_THE TASK_.
The line containing "Sapphire natural crystal" marks the start of the required copy, which runs to the final line of the entries; return those lines exactly, without any pictures.

_DATA SHOWN_.

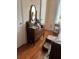 Cozy bedroom featuring a vintage dresser, hardwood floors, and natural light at 3585 41St S Way # D, St Petersburg, FL 33711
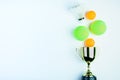 Golden trophy, Shuttlecock, Ping pong ball and Tennis ball isolated on white background with copy space.Concept winner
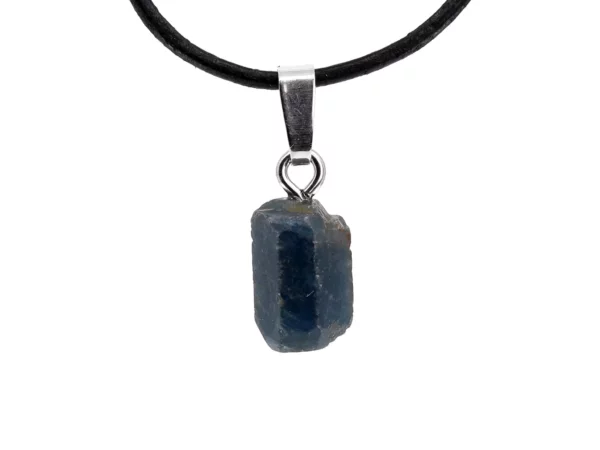 Sapphire natural crystal pendant with silver eyelet and black leather strap in front of a white background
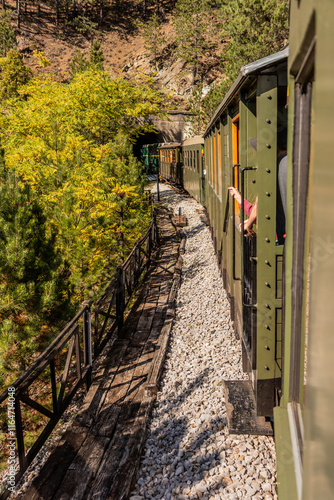 Train entering a tunnel on Sarganska Osmica (Sargan Eight) narrow-gauge heritage railway, Serbia photo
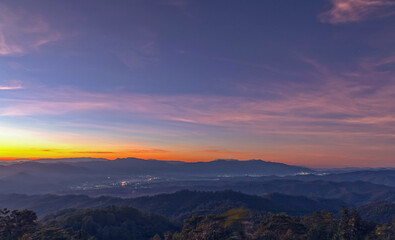 Sunset sky with mountains, Predawn clear sky with orange horizon and blue atmosphere. Smooth orange blue gradient of dawn sky.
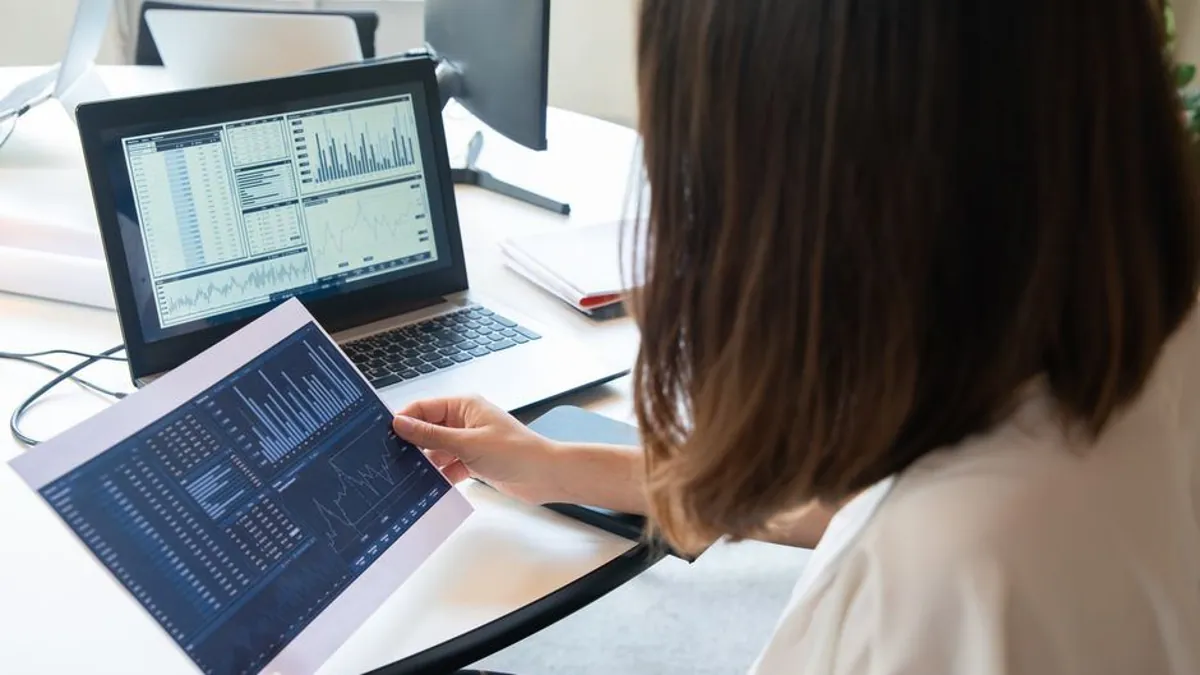 Business owner reviewing a printed performance report next to a laptop with charts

_TASK OUTPUT_.
 Sapphire natural crystal pendant with silver eyelet and black leather strap in front of a white background
 Train entering a tunnel on Sarganska Osmica (Sargan Eight) narrow-gauge heritage railway, Serbia photo
 Sunset sky with mountains, Predawn clear sky with orange horizon and blue atmosphere. Smooth orange blue gradient of dawn sky.
 Business owner reviewing a printed performance report next to a laptop with charts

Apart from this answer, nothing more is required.